Warren County leaders made a variety of decisions at their recent monthly meeting, held at the county municipal center in Queensbury.
Synthetic marijuana is likely to be banned soon in Warren County, since the county Board of Supervisors passed a resolution April 20 endorsing a local law prohibiting the substance.
The vote set a public hearing on the proposed legislation for 10 a.m. May 18. County leaders have predicted it will be adopted on that date.
The proposed county law would prohibit the possession, use, sale or distribution of synthetic marijuana or so-called herbal incense — and provide for criminal charges against those violating the law.
Sold in stores under the trade names “Posh, “Wicked X,” and “K2,” the various synthetic marijuana substances — when ingested — are known to prompt violent, criminal behavior as well as psychotic reactions, hallucinations, and thoughts of suicide.

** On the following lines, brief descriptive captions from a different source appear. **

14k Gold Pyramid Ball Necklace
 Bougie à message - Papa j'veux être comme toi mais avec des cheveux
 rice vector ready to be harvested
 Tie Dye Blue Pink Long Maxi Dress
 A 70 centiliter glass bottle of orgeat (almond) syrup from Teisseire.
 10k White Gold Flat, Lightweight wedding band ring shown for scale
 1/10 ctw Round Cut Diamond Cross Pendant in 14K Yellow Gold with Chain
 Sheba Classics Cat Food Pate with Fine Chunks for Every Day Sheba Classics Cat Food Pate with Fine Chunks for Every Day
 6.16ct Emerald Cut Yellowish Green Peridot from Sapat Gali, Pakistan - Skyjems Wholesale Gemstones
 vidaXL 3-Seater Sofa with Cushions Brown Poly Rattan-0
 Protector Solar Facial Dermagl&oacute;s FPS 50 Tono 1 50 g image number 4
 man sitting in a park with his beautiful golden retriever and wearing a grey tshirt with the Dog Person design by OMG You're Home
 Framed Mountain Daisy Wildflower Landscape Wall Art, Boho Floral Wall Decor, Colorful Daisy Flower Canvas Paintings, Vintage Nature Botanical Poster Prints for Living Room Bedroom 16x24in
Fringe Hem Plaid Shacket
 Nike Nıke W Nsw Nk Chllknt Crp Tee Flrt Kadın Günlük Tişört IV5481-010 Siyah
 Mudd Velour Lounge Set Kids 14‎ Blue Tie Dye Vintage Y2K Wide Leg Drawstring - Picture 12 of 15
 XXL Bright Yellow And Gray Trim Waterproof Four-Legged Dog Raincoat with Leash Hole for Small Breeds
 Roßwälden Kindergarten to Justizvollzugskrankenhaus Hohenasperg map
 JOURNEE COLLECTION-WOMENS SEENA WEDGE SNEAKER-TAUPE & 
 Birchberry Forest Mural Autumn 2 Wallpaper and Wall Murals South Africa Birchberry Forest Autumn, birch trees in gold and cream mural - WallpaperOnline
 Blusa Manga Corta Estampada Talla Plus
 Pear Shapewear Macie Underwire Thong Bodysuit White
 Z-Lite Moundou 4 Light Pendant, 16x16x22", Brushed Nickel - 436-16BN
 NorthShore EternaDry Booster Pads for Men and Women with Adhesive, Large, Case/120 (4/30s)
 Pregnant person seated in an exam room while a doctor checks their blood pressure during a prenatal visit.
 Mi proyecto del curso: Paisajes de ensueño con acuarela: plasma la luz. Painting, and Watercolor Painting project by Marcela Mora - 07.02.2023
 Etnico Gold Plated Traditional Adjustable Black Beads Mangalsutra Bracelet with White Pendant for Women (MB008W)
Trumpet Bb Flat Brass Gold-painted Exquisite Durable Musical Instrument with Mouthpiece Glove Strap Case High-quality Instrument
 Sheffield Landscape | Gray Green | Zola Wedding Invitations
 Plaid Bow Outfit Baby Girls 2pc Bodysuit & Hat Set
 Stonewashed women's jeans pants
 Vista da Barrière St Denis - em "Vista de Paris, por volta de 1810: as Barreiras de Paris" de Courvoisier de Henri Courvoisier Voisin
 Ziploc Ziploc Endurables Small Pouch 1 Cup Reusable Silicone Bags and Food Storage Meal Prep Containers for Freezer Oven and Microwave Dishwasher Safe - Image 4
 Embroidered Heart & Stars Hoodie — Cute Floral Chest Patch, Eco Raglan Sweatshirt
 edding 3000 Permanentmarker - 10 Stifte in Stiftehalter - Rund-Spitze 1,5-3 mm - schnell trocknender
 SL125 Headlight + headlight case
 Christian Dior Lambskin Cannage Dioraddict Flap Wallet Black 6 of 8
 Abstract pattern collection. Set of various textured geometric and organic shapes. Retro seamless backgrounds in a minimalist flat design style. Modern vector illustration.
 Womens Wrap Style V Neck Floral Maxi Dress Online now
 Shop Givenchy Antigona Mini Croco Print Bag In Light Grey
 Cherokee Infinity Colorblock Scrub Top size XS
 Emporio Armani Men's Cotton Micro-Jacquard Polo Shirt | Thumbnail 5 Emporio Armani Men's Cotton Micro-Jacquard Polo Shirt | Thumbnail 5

Although several weeks ago the state Health Department banned the sale of synthetic marijuana — which had until then been readily available — the possession and use of the substances continues to be legal.
At the April 20 board of supervisors meeting, county District Attorney Kate Hogan praised the fast action of the county board for moving forward on banning synthetic marijuana. Last month, a board committee endorsed the proposed ban just minutes after she told the board of how destructive it has been in the lives of many citizens locally as well as nationally. She noted that the supervisors’ quick action may have helped prompt the state to move forward on their partial ban.
“Warren County has shown more leadership than other counties on this issue,” she said, noting that other municipalities’ leaders around the state are now contacting Warren County for advice on enacting similar measures.
Hogan said that area school officials are now advocating for quick approval of a local law criminalizing the substances because more and more children are bringing it to school — a practice which threatens the health and welfare of children, she said.
“There is tremendous concern among school officials,” she said. “They have no legal recourse to seize the substances.”
Lake George citizen Joanne Gavin was also praised for her tireless campaign for a local ban, while awaiting a statewide or national ban, which may take months.
Just five weeks ago, Gavin told the Lake George Town Board of the dangerous consequences of the substances, and she has been lobbying since for local laws to be passed.
When Gavin was publicly thanked at the April 20 meeting for her lobbying effort, she deferred the credit.
“This is a real success story,” she said.
In other business conducted at the meeting, the county board:
•heard that the new Warren-Washington Counties Fire Training Center will be open and ready for use by April 27. Thurman Supervisor Evelyn Wood reported that the facility was finished on time, and the $400,000 in grant money — which would have been lost if the construction had been delayed even several weeks — was assured.
“The grant has been saved, and we will soon have a very nice training facility,” she said.
• unanimously approved a resolution requesting the state pass legislation that would allow the county to sell its fairgrounds off Schroon River Road in Warrensburg. The state generally requires that if municipalities sell park land, they must acquire a comparable new plot of land as a replacement park. Warren County has proposed to the state that it acquire the former Warrensburg Board & Paper Co. brownfield site on Queen Village Pond and develop it into a park to replace the fairgrounds. Last year, Warrensburg developer Richard Emerson submitted a bid of $61,500 for the fairgrounds, and he has expressed his intent to hold various public events at the site.
Queensbury town board member John Strough and Warrensburg resident Martha Strodel warned the county board that such a sale to a private entity would mean the county’s prime site for outdoor events might not be available for such a use, particularly if it were subdivided for residences.
“Be very careful — the county fairground has been an asset of the county for many years,” Strough said at the meeting.
Queensbury at-large supervisor David Strainer responded that Emerson had assured the county the fairgrounds would be retained substantially in its present status, and Emerson’s expertise at marketing events would mean boosted attendance.
•approved resolutions to dissolve the county Human Resources department and combine its functions with the former county Civil Service office in forming the new county Department of Personnel.
• voted to buy five new police cruisers for the county Sheriff’s Office, fewer than have been requested.
• approved a slate of raises, ranging from almost $500 to $2,500 for 69 of the 130 non-union county employees, whose salaries have been frozen for three years. The salary hikes were granted following a study of the positions and their counterparts in the private sector. A planned $1,750 raise for county Sheriff Bud York was jettisoned minutes before the resolution was approved, because the county officials weren’t aware that boosting the salary of a public official would require passing a local law. In his post as county Sheriff, York is paid $93,280. He also receives a pension for his decades of work as an Investigator with the state Police.